**WHAT THIS TASK INVOLVES**
Below are entries. Give back exactly the lines from the one containing "Where's The Rum" through the one containing "Voyons Théodore nous", inclusive, without the pictures.

**PROVIDED DATA**
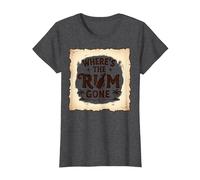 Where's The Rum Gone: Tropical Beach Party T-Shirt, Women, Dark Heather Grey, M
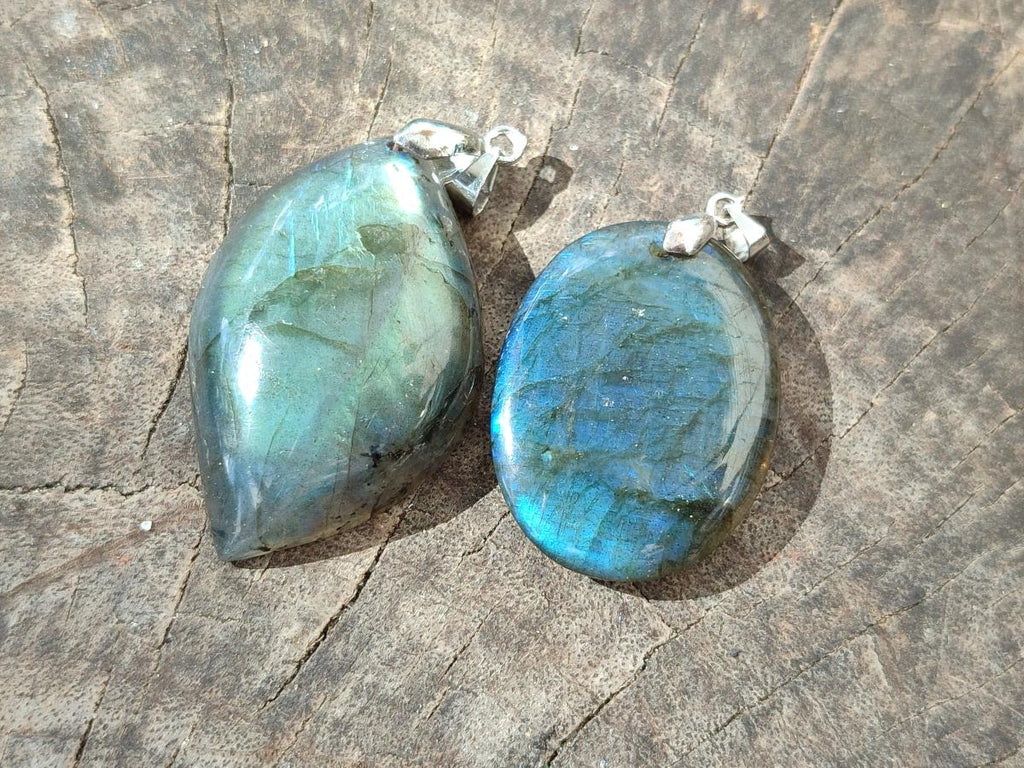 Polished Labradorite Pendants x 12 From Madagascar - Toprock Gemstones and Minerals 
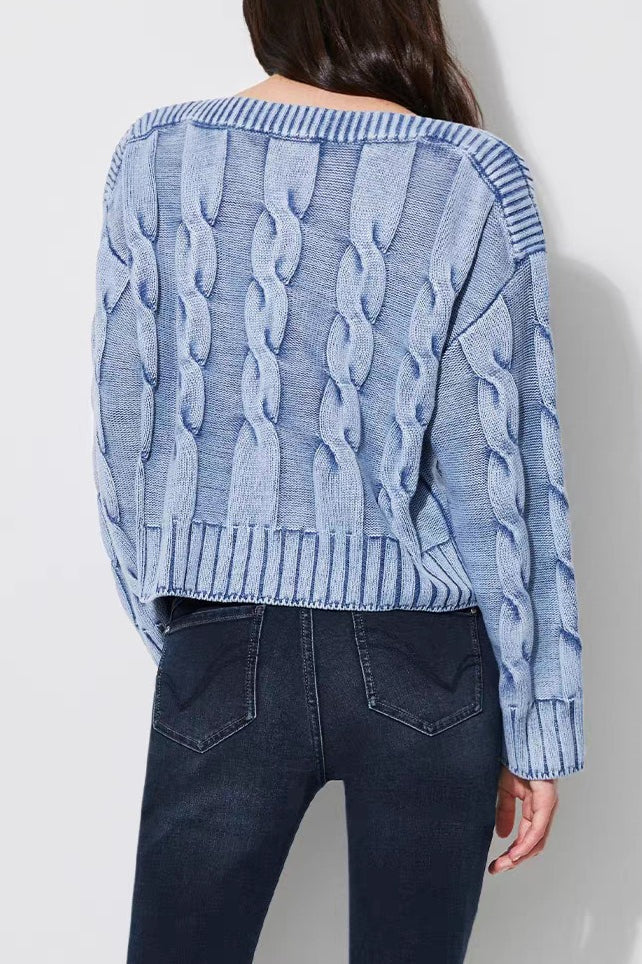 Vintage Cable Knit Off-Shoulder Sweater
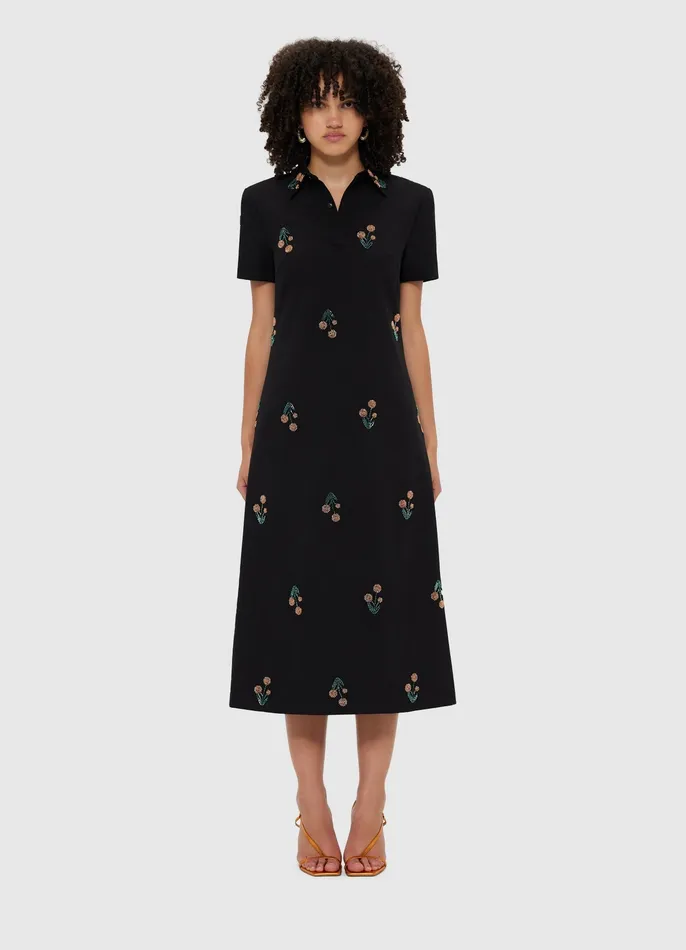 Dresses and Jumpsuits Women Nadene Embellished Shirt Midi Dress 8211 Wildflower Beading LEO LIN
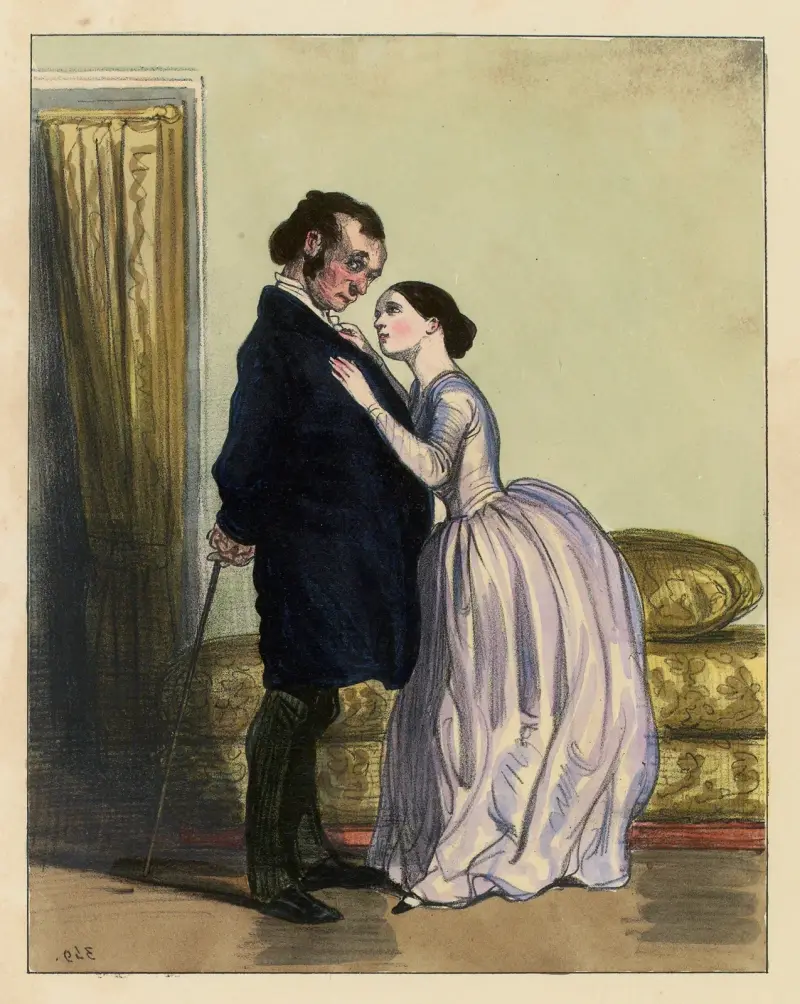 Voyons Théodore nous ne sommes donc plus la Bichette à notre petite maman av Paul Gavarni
* * *
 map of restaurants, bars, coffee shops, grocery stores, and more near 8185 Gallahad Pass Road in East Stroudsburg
==
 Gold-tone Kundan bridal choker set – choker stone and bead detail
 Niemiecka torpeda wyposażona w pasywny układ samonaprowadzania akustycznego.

**PROBLEM SOLUTION**
 Where's The Rum Gone: Tropical Beach Party T-Shirt, Women, Dark Heather Grey, M
 Polished Labradorite Pendants x 12 From Madagascar - Toprock Gemstones and Minerals 
 Vintage Cable Knit Off-Shoulder Sweater
 Dresses and Jumpsuits Women Nadene Embellished Shirt Midi Dress 8211 Wildflower Beading LEO LIN
 Voyons Théodore nous ne sommes donc plus la Bichette à notre petite maman av Paul Gavarni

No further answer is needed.